Authorities divert water in effort to prevent Bangkok flooding

politics October 11, 2016 01:00

By THE NATION

DEPUTY PRIME MINISTER General Prawit Wongsuwan said yesterday authorities would try to divert water runoff and floodwater to minimise the impact on Bangkok.



The amount of water from the Chao Phraya River passing through the Rama 6 dam was 2,000 cubic metres per second yesterday, with flooding in Bangkok expected if the volume reaches 3,000 cubic metres per second.
Prawit said Prime Minister Prayut Chan-o-cha had instructed relevant agencies to tackle the flooding issue through allocating budgets, water diversion and storing strategies, and the “monkey cheek” water-retention method in some areas.

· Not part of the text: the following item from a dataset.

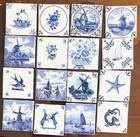 Blue Delft Designs Set Of 16 Assorted Individual Tiles Kiln Fired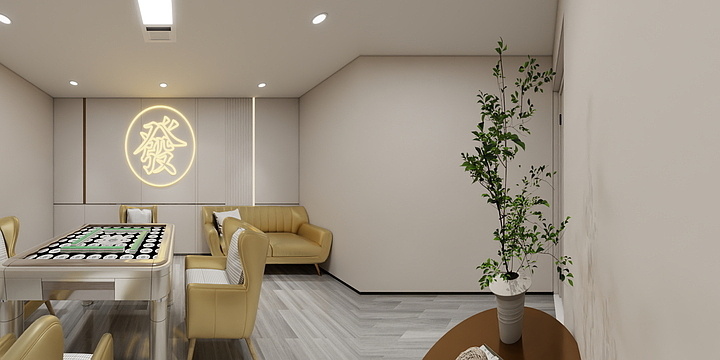 柳州华振装饰有限公司-棋牌室-装修设计方案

He admitted that the amount of water was excessive at the Pasak Jolasid and Ram 6 dams, with the amount of water released at the latter at about 2,000 cubic metres per second, inundating downstream Ayutthaya province. 
“In the past, this [scenario] would have already caused flooding in all areas but we are trying to divert and distribute runoff to all places so as to minimise impacts on Bangkok,” he |said.
As stretches of the Chao Phraya River have overflowed, Prawit said officials from the Royal Irrigation Department, the Agriculture Ministry and the Interior Ministry were overseeing the situation and aiding affected residents. The Defence Ministry was also aiding flood-affected people, he added. Lop Buri’s Pasak Jolasid Dam was at 95 per cent of its capacity yesterday after receiving 59 million cubic metres of water per day. As a result, water was being released at 700 cubic metres per second, or 60 million cubic metres a day, since Sunday.
 
Crops threatened
Downstream Tambon Kaeng Sua Ten residents in Lop Buri’s Phattana Nikhom district have been moving belongings to higher ground, as floods have hit the municipality’s pump station while those living in 30 riverside homes in Ban Moo 11, which is deemed most at risk, were told to prepare for evacuation. 
In Phichit’s Sam Ngam district, farmers set up 10 water pumps to drain 300 rai (48 hectares) of flooded rice fields to try to save their crops. The effort comes as the area was hit by heavy rain while the Yom River caused connecting canals to overflow.
In Pathum Thani province, Governor Surachai Khan-asa led officials to inspect the Chulalongkorn sluice gate yesterday, where six Flow Thruster Ships were being used to drain Klong Rangsit Prayoonsak into the Chao Phraya River to prevent flooding in Klong Luang district. 
The draining of the canal, which had been filled with stagnant polluted water, was in line the government’s “Beautiful canals for Thais’ happiness” policy, according to officials.